• YOUR TASK: Please copy every line from the following entries in which the word "park" appears.

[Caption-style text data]

↓

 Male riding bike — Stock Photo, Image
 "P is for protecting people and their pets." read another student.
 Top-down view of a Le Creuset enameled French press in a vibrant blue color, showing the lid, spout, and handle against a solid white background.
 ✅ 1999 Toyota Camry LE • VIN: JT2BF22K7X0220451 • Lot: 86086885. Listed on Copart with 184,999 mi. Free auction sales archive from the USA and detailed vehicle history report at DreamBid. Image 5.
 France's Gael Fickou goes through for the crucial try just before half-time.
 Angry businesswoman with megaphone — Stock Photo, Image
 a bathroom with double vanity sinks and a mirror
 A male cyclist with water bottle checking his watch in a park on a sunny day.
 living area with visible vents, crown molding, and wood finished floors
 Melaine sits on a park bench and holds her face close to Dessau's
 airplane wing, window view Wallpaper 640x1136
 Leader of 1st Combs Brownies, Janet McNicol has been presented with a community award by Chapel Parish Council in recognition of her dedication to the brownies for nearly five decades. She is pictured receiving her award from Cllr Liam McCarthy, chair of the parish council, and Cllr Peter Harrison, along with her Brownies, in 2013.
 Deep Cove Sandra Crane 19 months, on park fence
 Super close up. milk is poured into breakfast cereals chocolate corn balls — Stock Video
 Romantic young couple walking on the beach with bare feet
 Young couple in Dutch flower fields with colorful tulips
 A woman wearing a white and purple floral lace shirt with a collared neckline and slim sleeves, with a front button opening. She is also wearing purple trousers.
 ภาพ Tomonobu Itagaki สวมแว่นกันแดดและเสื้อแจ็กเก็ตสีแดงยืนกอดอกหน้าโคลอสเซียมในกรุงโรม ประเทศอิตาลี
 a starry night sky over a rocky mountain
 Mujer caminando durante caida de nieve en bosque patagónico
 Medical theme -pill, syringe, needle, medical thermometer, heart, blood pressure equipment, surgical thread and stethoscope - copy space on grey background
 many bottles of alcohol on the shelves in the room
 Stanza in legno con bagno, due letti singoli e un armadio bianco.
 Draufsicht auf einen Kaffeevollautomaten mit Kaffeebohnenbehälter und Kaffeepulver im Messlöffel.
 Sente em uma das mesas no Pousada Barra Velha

↑

• ANSWER FOR THE TASK:
 A male cyclist with water bottle checking his watch in a park on a sunny day.
 Melaine sits on a park bench and holds her face close to Dessau's
 Deep Cove Sandra Crane 19 months, on park fence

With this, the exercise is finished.